Pressionado pela opinião pública e sem apoio entre os integrantes do Tribunal de Contas da União (TCU), o ministro Jhonatan de Jesus deve acolher um recurso do Banco Central e encaminhar ao plenário a determinação de inspeção em documentos da autoridade monetária sobre a liquidação do Banco Master.
De acordo com fontes do TCU, o despacho oficializando a nova posição será publicado nas próximas horas. O caso deve ser analisado na primeira sessão do ano, em 21 de janeiro. Até a análise do plenário, a inspeção não terá validade.
Como mostrou a coluna mais cedo, o próprio recurso impetrado pelo BC já impedia o início da vasculha nos documentos. Nos bastidores da Corte de Contas, a análise é de recuo do ministro relator, que agora terá de buscar votos entre os colegas para manter sua posição e dar início à inspeção.
Se o relator negasse o embargo, o BC entraria com agravo regimental e a liminar teria de ir a plenário de qualquer forma. Por isso, de acordo com um integrante do TCU, Jhonatan preferiu acolher o recurso do Banco Central e diminuir a tensão entre as instituições, ao menos até o fim do recesso.

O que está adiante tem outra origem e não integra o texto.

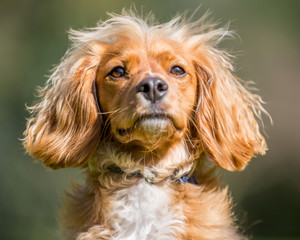 Spaniel puppy portrait with its mouth closed. Jumping over grass in a park. a sunny day. running action dog. Standing on its back legs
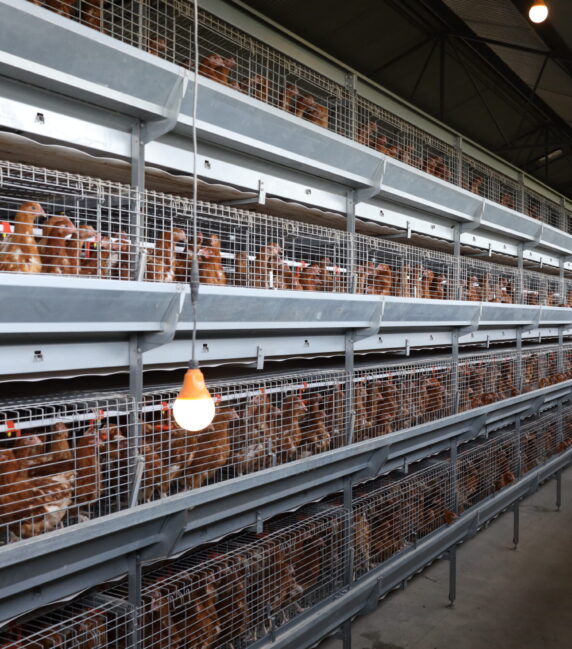 Plum Agri Irrigation - Livestock 6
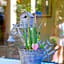 Boutique Hotel Asteria
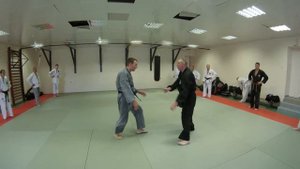 Оперативное каратэ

O subprocurador-Geral do Ministério Público junto ao TCU, Lucas Rocha Furtado, reconheceu à coluna que “aparentemente” a maioria dos ministros é contrária à inspeção. “Nunca o TCU liquidou ou ‘desliquidou' banco. Além disso, as decisões do relator devem ser submetidas aos demais ministros, que aparentemente são contra essas medidas”, afirmou à coluna.